それに呼応して、ボクも手首を離してやった。
「戦闘専門の冒険者を甘く見たね? さて、貴様等の性格はよく判った。もう何も期待しない。大人しく竜殺しの居場所を吐け」
「な、なにを――」
「なぜ依頼を受けないのか、問いただしに行くんだよ」
そうだ、ヤツは依頼を受けない。
ハンスが犠牲になろうとしているのに、見捨てようとしている。
その真意を問い詰め、場合に寄ってはボクがドラゴンを制圧すればいい。
面倒ごとは嫌いだし、他所の村の事に口を挟む気は無かったが、頭に血が昇ったボクには、そんな自重は存在しなかったのだ。
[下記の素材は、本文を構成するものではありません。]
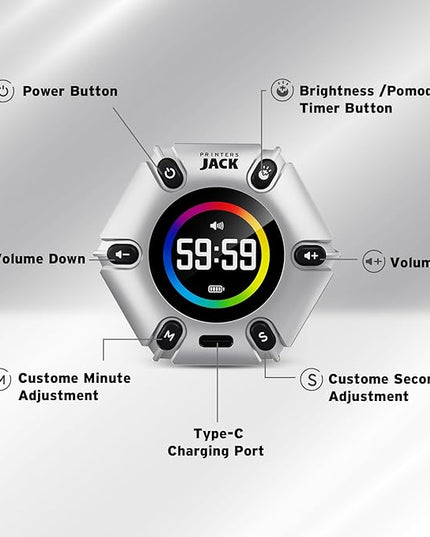 Jack Pomodoro Timer - Productivity Cube & Visual Focus Timer, Mute & Vibration & Adjustable Sound Alert, for Office, ADHD, Study & Work, 3/5/10/25/30/60min & Custom Countdown - Silver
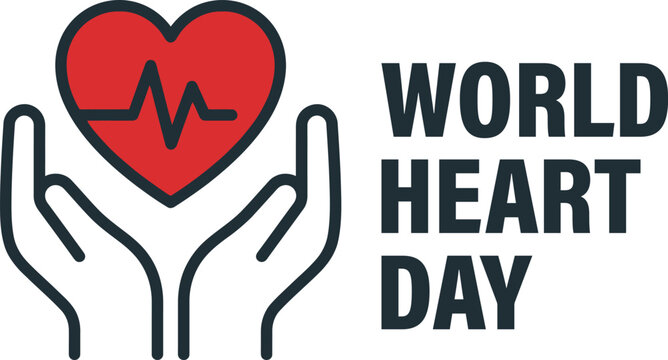World Heart Day Awareness Design with Hands Heartbeat and Medical Heart Symbol Isolated on Transparent Background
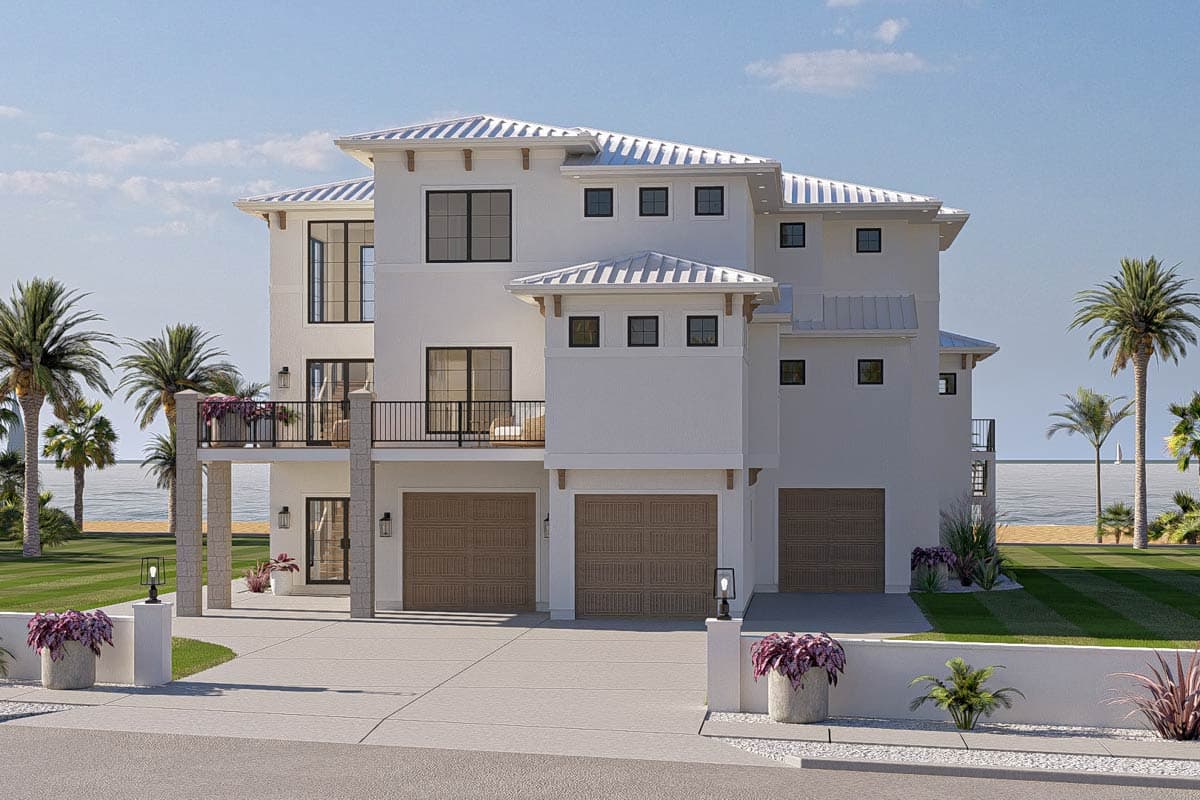 Three-story Modern style house plan exterior with a metal roof, multiple balconies, and a three-car garage.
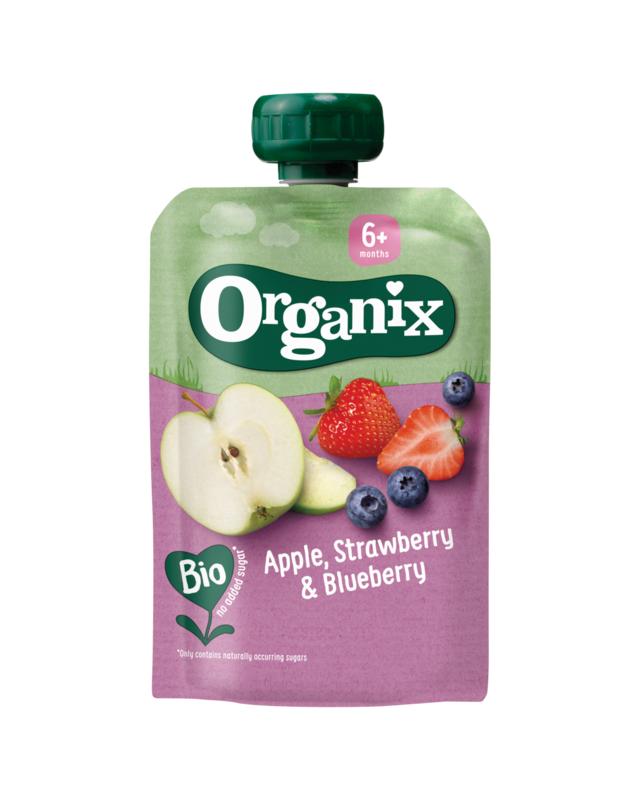 Organix Knijpfruit Appel, Aardbei En Bosbessen 6+M Bio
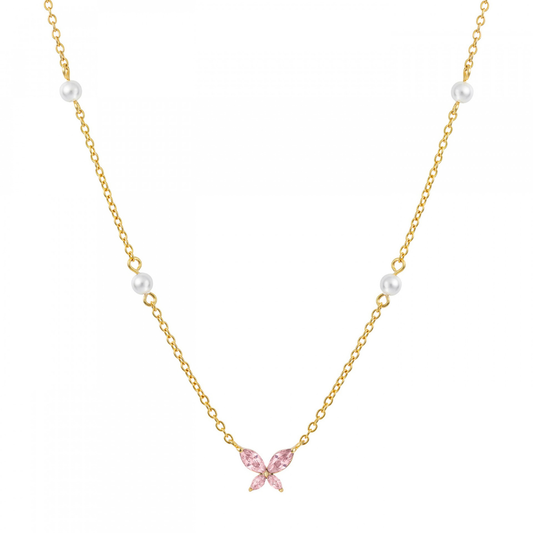 COLAR UNIKE FUN SS26 BUTTERFLY & PEARLS GOLDEN EM PRATA 925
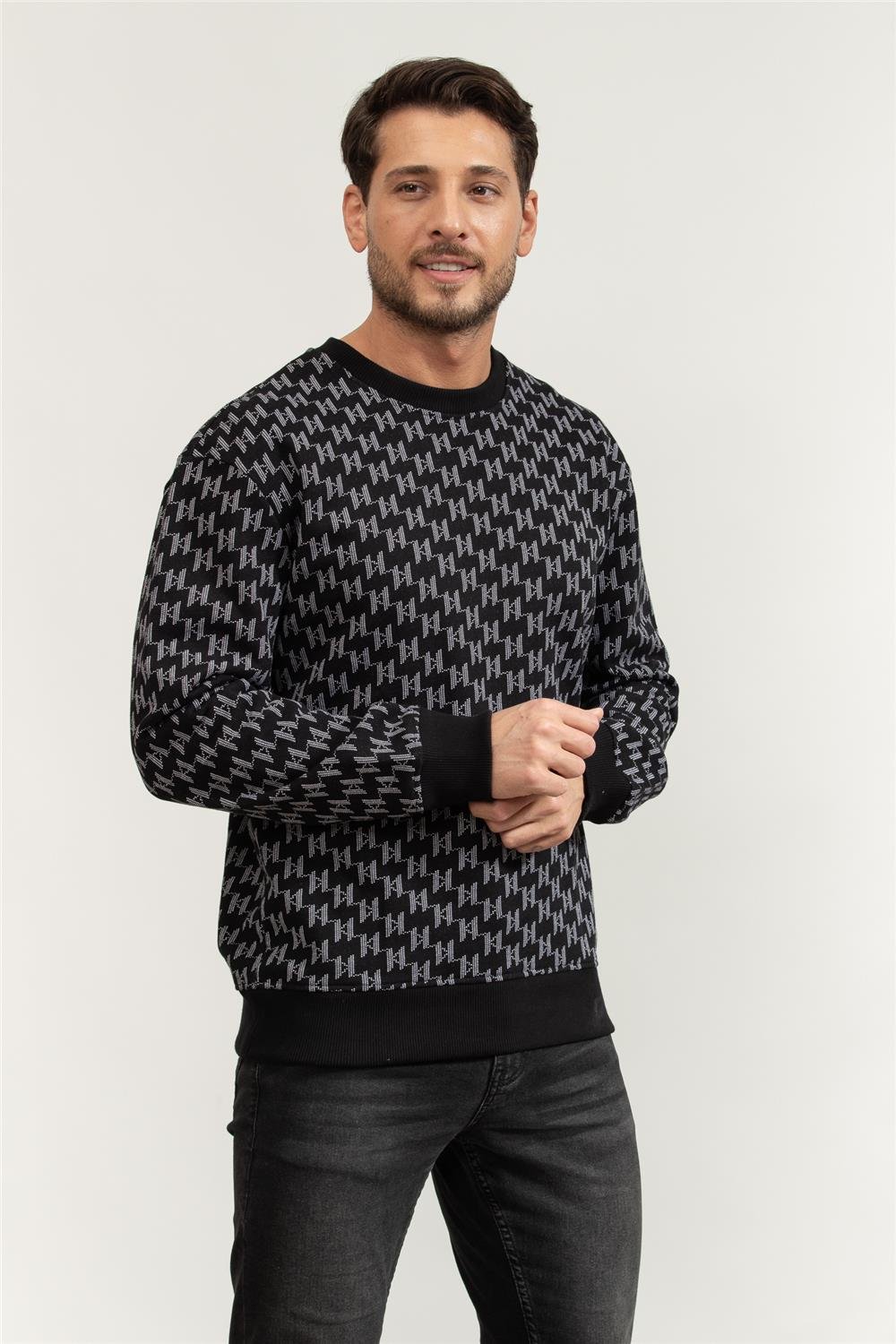 Karl Lagerfeld Monogram Erkek Bisiklet Yaka Sweatshirt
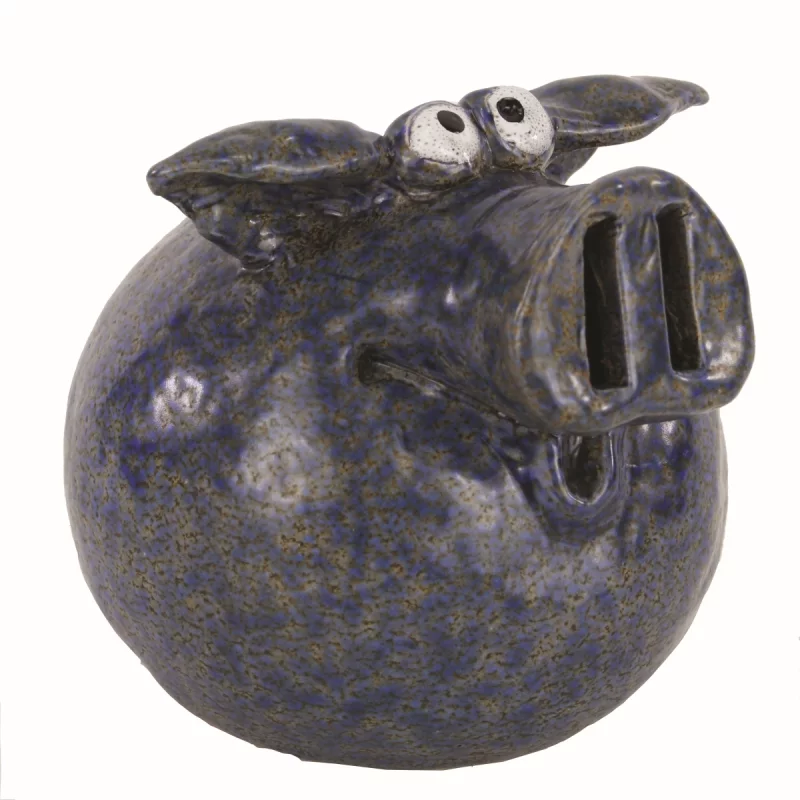 Sparschwein blau, Keramik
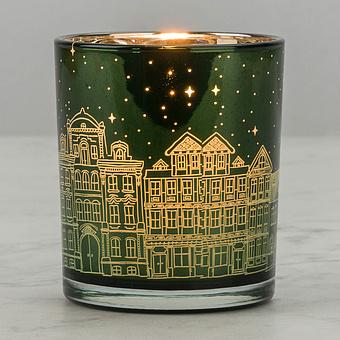 Houses Candle Holder Green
半ば脅し同然に竜殺しの冒険者の居場所を聞きだし、その先へ向かう。
彼はこの村に冬の間閉じ込められ、今までやる事も無く、一日中酒を喰らっていたらしい。
その冒険者の名前はキーヤンという男だそうだ。
これはおそらく、元の世界の名前をもじった愛称かもしれない。
とにかく彼は、働く様子も無く、ドラゴン退治の準備をするでもなく酒を飲みクダを巻いているのだ。
これが許されるはずが無い。
「ここにキーヤンと言う男はいる?」
酒場の扉を押し開け、大声でそう宣告する。
ここに来るまでに、ボク達は完全武装を済ませておいた。
これから会う男はおそらく転移者で、敵か味方かも判らない存在なのだ。
警戒しておいて、損は無い。
酒とタバコの臭いが充満した、薄暗い店内。
冬の間仕事がほとんどできないこの寒村では、時間を持て余した男達が、昼真っ赤ら酒を浴びるように呑んでいる事も、珍しい光景ではない。
店内には数人――八人の客とバーテンが一人。
そのほとんどが、賑やかに酒を楽しんでいる。
悪いけど、これから一騒動起こさせてもらうよ。そう覚悟を決め、店内を見回す。
すると、ボクの宣告にビクリと震えた男がいた。
奥のテーブルで酒を呷る、細面に針金のような細身の男。
一見腕利きの印象は持てないが、その潜在能力の高さは窺える。
ボクはその男にずかずかと歩み寄り、向かいの席に腰を降ろす。
ボクの後ろには、センリさんとアリューシャが控える。
彼女達は席に着かず、立ったままだ。これは相手を警戒して、すぐに動ける体勢を取るため。
ボクが席に着くのは交渉のため。そして、ボクなら一度や二度の攻撃では戦闘不能にならないからと言う自負のためだ。
「あなたがキーヤンさんで間違いないかな?」
「あ、ああ、そうだ。俺がキーヤンだ」
男は、ボクに視線を合わさず、震える声でそう告げた。